With regard the Soviet Union (and it's constituents)
When the Soviet Union was dissolved, Russia as the largest successor state adopted all international obligations of the former USSR, including its membership to the UCC. Consequently, Russia was henceforth considered a member of the UCC (in the 1952 Geneva text) since the date of the adherence of the USSR to that treaty, i.e., since May 27, 1973. The membership of the USSR in the Brussels Convention was equally continued by the Russian Federation as from December 25, 1991.

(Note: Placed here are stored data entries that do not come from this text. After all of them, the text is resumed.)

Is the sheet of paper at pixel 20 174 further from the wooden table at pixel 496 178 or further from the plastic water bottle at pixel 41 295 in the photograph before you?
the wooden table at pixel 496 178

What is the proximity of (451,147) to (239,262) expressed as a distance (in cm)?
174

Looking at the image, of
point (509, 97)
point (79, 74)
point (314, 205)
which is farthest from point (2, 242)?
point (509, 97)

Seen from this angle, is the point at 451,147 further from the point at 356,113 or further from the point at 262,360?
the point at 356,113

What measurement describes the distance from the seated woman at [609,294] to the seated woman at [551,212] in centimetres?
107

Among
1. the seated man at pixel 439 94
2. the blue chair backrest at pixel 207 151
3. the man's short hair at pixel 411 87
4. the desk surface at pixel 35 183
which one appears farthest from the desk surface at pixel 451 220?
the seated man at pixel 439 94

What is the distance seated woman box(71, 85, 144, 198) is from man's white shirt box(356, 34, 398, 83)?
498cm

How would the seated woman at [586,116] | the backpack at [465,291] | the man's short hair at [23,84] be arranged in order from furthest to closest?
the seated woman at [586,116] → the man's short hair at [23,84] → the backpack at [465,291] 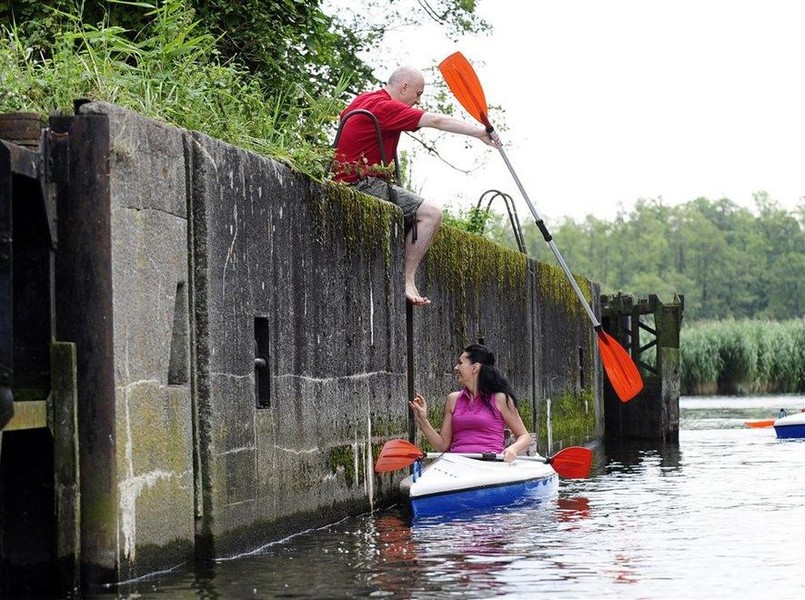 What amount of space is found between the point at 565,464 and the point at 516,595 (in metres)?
5.87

On June 25, 1993, Russia and Armenia signed a treaty on the mutual protection of copyrights. To clarify the copyright situation amongst the states that had made up the former Soviet Union, the Commonwealth of Independent States (CIS) nations agreed on a cooperation agreement in the field of copyrights on September 24, 1993. This "Moscow agreement" declared that all signatory countries considered themselves bound by the UCC as of the date the USSR had joined and would confirm this state with the UNESCO, which administered the UCC. The treaty also defined that the treaty states would apply the UCC amongst themselves, also for works published before May 27, 1973 if those works had been copyrighted before this date according to the national laws of the successor states. This provision was subject to the rule of the shorter term. The intent of the Moscow agreement was to avoid that older Soviet works became copyrighted in only some of the successor states, but would become part of the public domain in some of the others. The 1993 Moscow agreement entered in force in Russia on May 6, 1995.